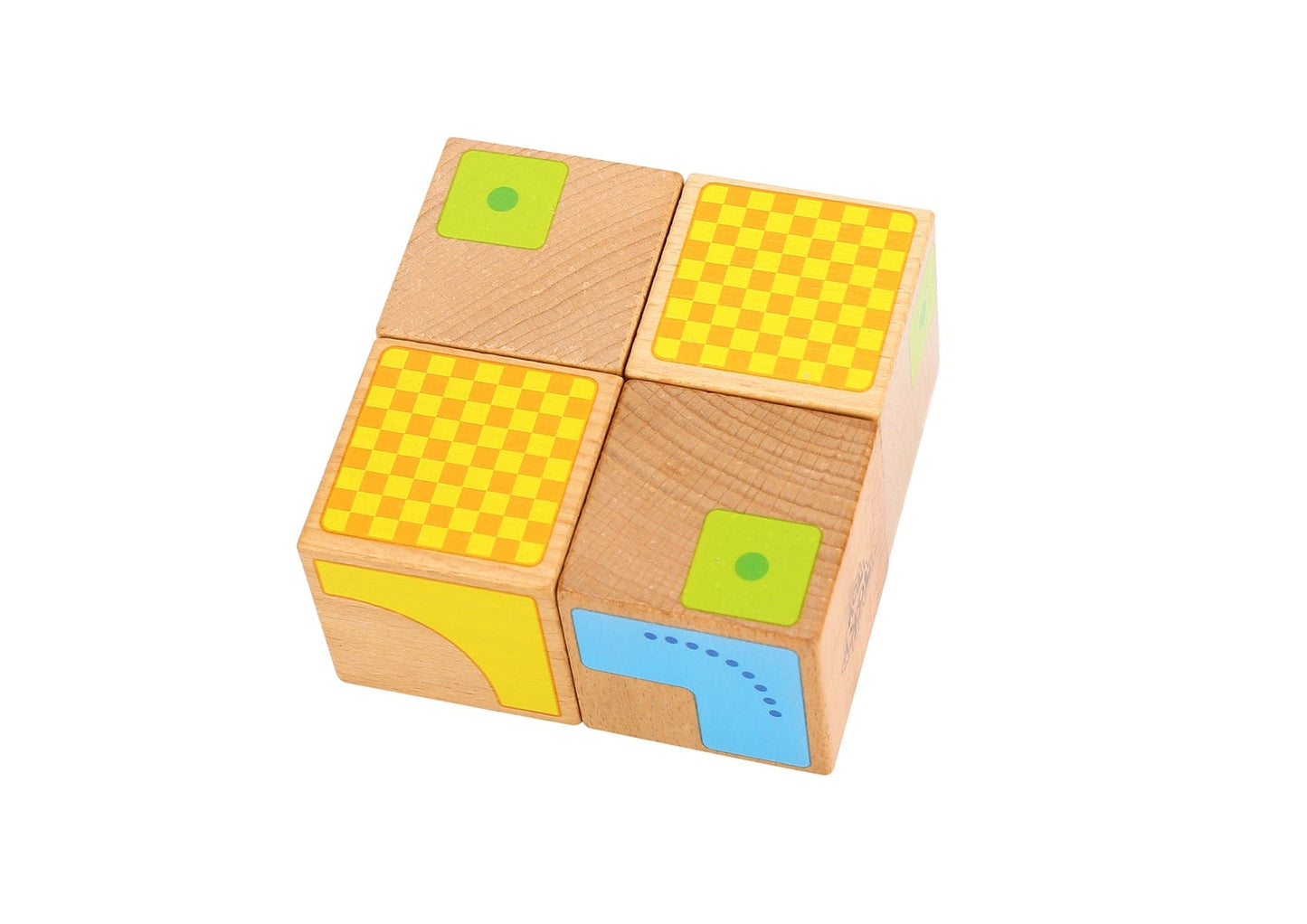 Kids Toy Chest Brand-Tooky Toy, Games-Block Puzzles BLOCK PATTERN PUZZLE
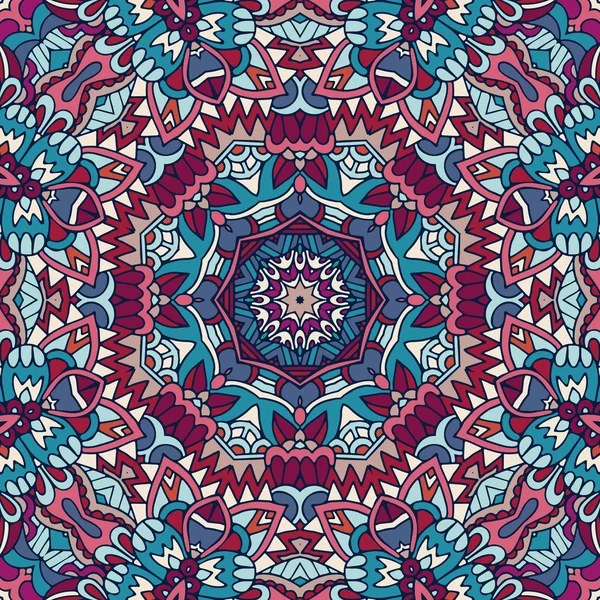 Mandala disegno floreale elemento colorato ornamento elegante — Vettoriale Stock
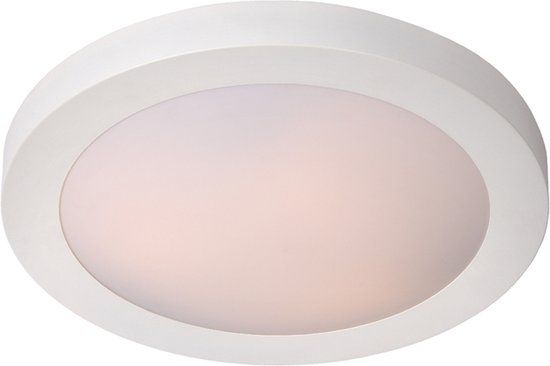 Lucide FRESH Plafonnier Badkamer - Ø 35 cm - 2xE27 - IP44 - Wit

Work task :: Copy out every line of the material above exactly, skipping the pictures.

Solution to this task ::
 Kids Toy Chest Brand-Tooky Toy, Games-Block Puzzles BLOCK PATTERN PUZZLE
 Mandala disegno floreale elemento colorato ornamento elegante — Vettoriale Stock
 Lucide FRESH Plafonnier Badkamer - Ø 35 cm - 2xE27 - IP44 - Wit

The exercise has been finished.